Start of Block

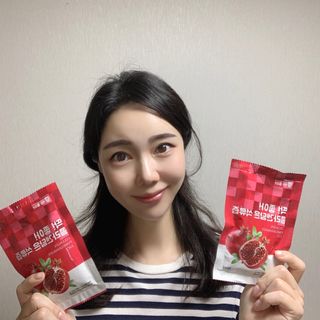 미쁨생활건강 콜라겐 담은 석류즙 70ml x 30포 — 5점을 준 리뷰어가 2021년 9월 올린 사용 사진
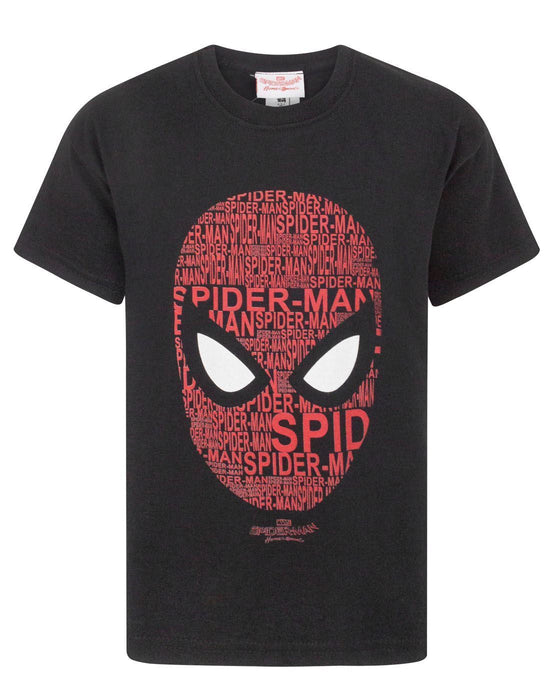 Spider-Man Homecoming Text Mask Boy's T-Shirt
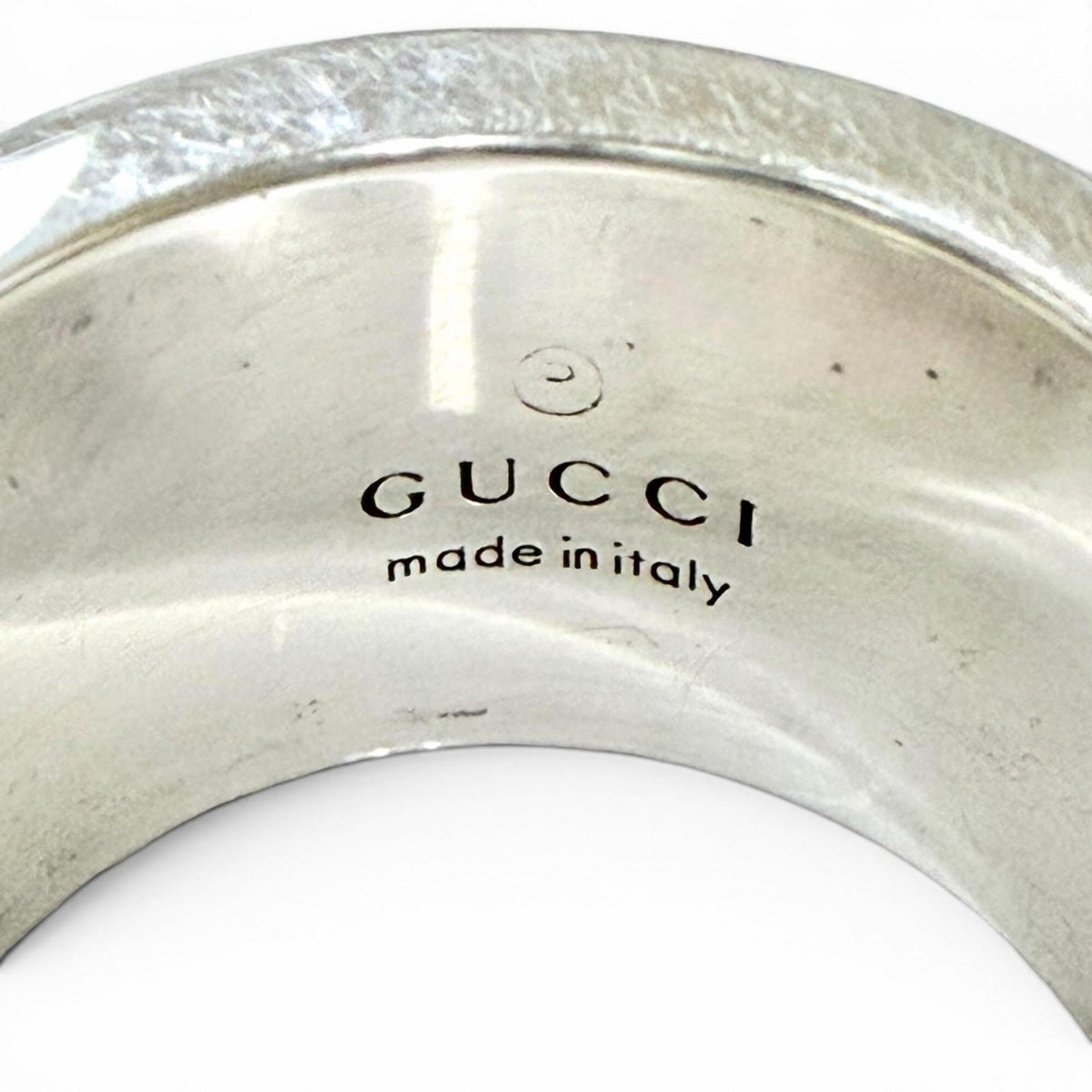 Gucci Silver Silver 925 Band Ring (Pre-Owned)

End of Block

Assignment: Exclude every image and return the material above exactly.

Solution for this problem:
 미쁨생활건강 콜라겐 담은 석류즙 70ml x 30포 — 5점을 준 리뷰어가 2021년 9월 올린 사용 사진
 Spider-Man Homecoming Text Mask Boy's T-Shirt
 Gucci Silver Silver 925 Band Ring (Pre-Owned)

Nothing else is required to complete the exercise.